# [WORK ORDER]
Pictures excluded, copy all of the data below exactly.

# [INFORMATION SHOWN]
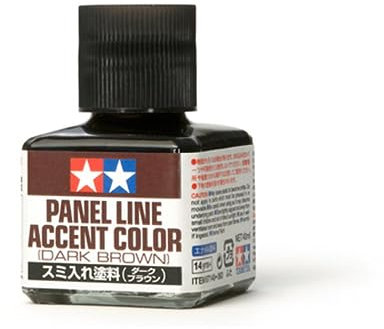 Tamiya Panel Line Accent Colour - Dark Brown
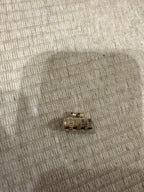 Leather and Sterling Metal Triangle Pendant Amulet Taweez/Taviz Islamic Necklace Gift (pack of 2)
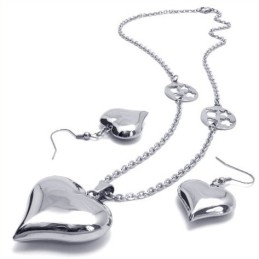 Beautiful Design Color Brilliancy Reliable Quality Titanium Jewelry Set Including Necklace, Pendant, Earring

# [YOUR RESPONSE]
 Tamiya Panel Line Accent Colour - Dark Brown
 Leather and Sterling Metal Triangle Pendant Amulet Taweez/Taviz Islamic Necklace Gift (pack of 2)
 Beautiful Design Color Brilliancy Reliable Quality Titanium Jewelry Set Including Necklace, Pendant, Earring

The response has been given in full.